When the King, individually, announced the new constitution, I directly started thinking about the importance of mobilizing to boycott any elections held based on this Constitution. Ayatollah Sheikh Isa Qassim quickly took a stand at that time. 24 hours after the Constitution was announced, in one of his Friday sermons, Sheikh Isa said that the role that can be played by the elected Parliament has become narrow, and despite this fact, the Muslim community has to be loyal to their religion in every electoral process, through active and effective presence on the media and voting levels.

The call for participation wasn't widely met at the time and I still don't know the reasons behind that. I remember standing in the street to poll pedestrians on participation in any upcoming elections. I don't remember the poll's result now, but I remember that a high percentage of pedestrians were annoyed and surprised by the question. Many of them said that "this matter is decided by clerics", while others considered that merely the question is an introduction to division and sedition.
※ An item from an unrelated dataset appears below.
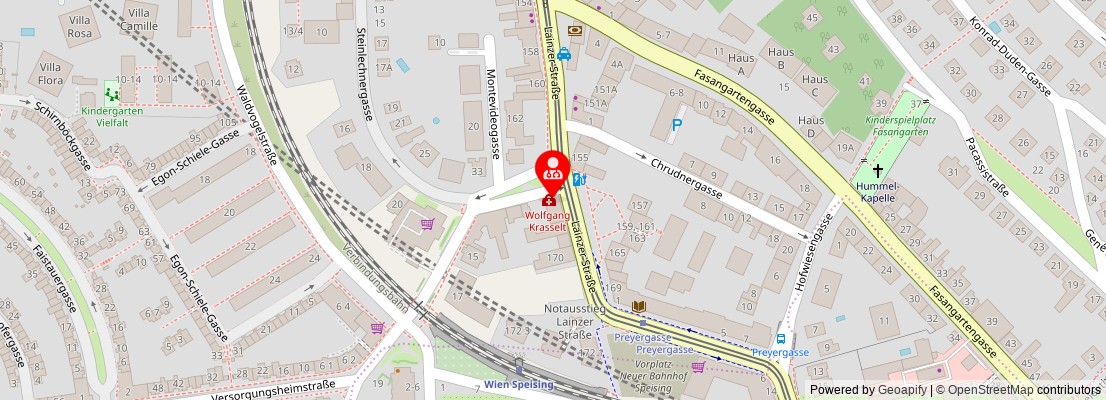 Street map section around the address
I wasn't analyzing the data this way back then. I was eager to avoid what I considered the "sin of participation". I prepared a list of the most important points that justify boycotting based on the articles of the 2002 Constitution and placed it at the entrance of Imam Al-Sadiq Mosque. I used to see the reactions of people reading the paper. All of them had the same impression that protesting against the Constitution and calling to boycott was an attempt to embarrass the religious authorities and political leaders.

I personally didn't intend to undermine the religious authorities or overcross the societies. However, certainly some of those who called for opposition saw the religious authorities and political leaders as an obstacle in the face of the political reform. What's unfortunate is that Sheikh Qassim's sermon included many concerns that were neglected at the time, and it seems to me that they are still neglected as of today. Nonetheless, the bright side is that the opposition parties demonstrated the finest displays of democratic practices when they settled the participation and boycott issue through free dialogues in which the man of Hawza (highest religious institution) was treated equally to an academic, thanks to Sheikh Ali Salman [the secretary general of the dissolved Al-Wefaq Society].
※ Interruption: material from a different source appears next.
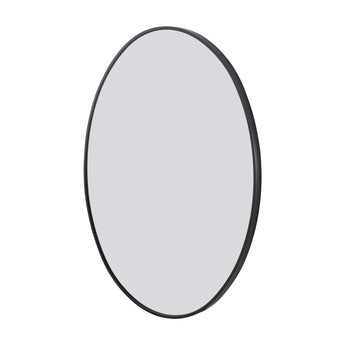 Oval wall-mounted bathroom mirror with black edge frame and reflective glass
The boycott decision certainly did not have the horizon to bring us closer to meeting our aspirations in achieving a modern state, but the assumption that the solution was in participation was only hypothetical. There is no evidence that our situation would have been better along the line if we committed to participating.

After all these years, I find that we understood the opposition as identifying grievances and insulting and dispraising oppressors. We also understood reform as a group of legal frameworks. In 1990s, the slogan was the "Parliament is the solution" and in the beginning of the third millennium, it became "Contractual Constitution is the solution", then in 2010 it turned into "constitutional monarchy is the solution". However, when considering the challenge Qatar faces, for instance, due to the Saudi, Emirati siege imposed on it, I personally wonder: How can Bahrain achieve constitutional reform? What is the value of any constitutional document if the UAE is the one that controls the national airport, the US controls the fifth fleet, while Saudi Arabia supplies Bahrain with oil for refining and controls the arrival of more than 80% of Bahrain's visitors through the causeway? Saudi Arabia also controls Abu Safa oil field and grants scholarships. I was looking forward to seeing Bahrain as the key for the reform of the Gulf labor market, as it demonstrates a small experience which Saudi Arabia could have benefitted from and applied on a larger scale.

These are my dreams, yet Bahrain has become a financial burden and source of concerns for the Gulf. At the end of the day, Bahrain is a part of the Arabian Peninsula, so any good that comes to it, will affect us all [in the Gulf], and any ills that affect it will definitely reach us all. Given all of that, it seems clear to me that beyond the importance of constitutional regimes is the balance of powers that protects any reconciliation.